- [Source material]
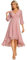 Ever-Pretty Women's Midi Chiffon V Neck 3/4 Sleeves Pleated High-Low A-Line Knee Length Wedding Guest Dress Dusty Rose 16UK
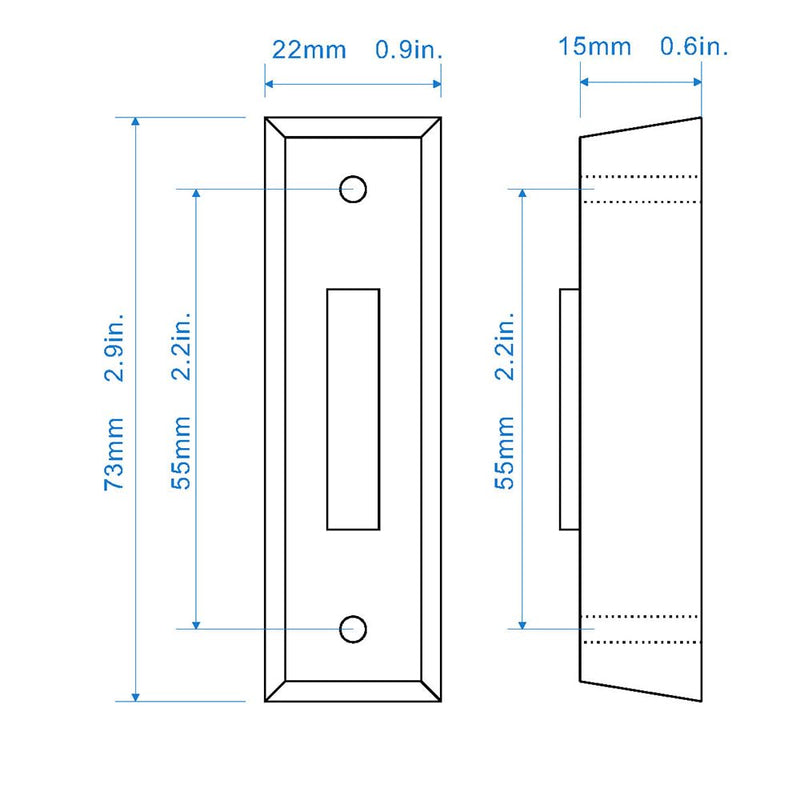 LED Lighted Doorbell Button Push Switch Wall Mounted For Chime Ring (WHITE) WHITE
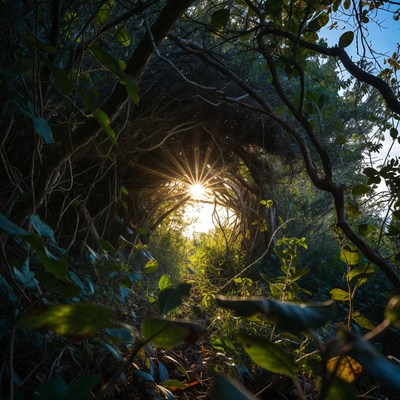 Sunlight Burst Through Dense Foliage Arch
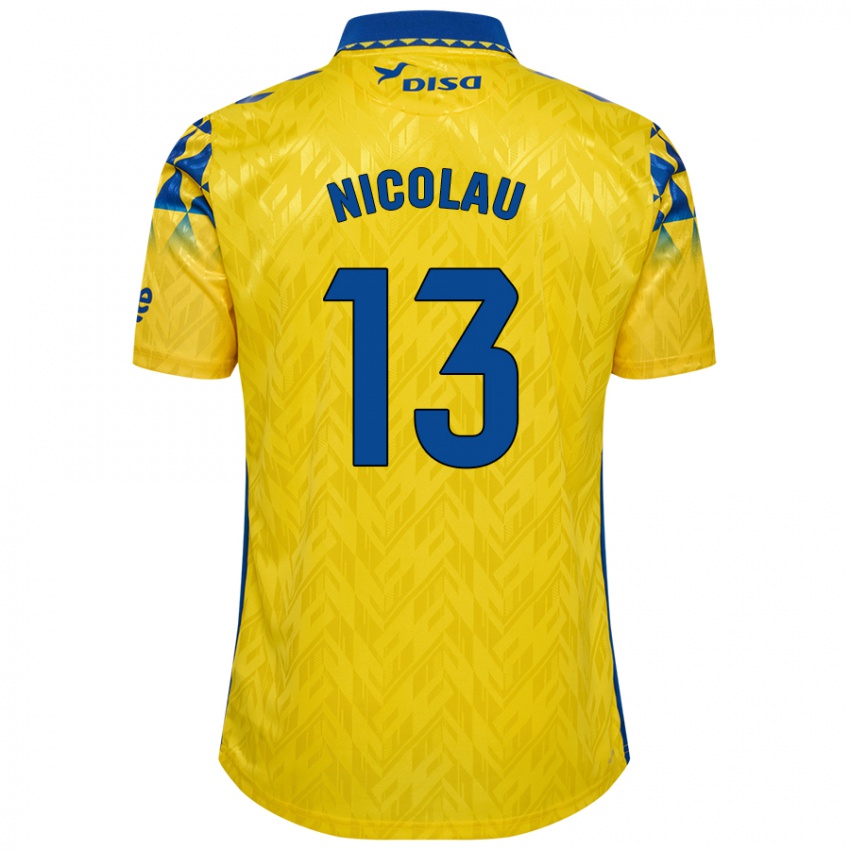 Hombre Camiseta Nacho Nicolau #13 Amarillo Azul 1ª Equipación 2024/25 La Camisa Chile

--

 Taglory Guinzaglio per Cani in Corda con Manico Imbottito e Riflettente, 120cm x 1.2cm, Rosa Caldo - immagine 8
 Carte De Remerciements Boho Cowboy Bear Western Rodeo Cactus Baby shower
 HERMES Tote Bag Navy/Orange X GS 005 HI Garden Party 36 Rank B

--

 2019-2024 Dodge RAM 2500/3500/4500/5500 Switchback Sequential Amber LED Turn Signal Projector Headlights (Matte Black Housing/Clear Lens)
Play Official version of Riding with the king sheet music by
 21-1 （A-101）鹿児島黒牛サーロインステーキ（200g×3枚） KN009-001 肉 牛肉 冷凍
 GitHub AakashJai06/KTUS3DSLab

- [Problem to work on]
Word for word, restate the lines of the listing above starting at the line with "Carte De Remerciements" and ending at the line with "HERMES Tote Bag", and nothing outside them.

- [Response]
 Carte De Remerciements Boho Cowboy Bear Western Rodeo Cactus Baby shower
 HERMES Tote Bag Navy/Orange X GS 005 HI Garden Party 36 Rank B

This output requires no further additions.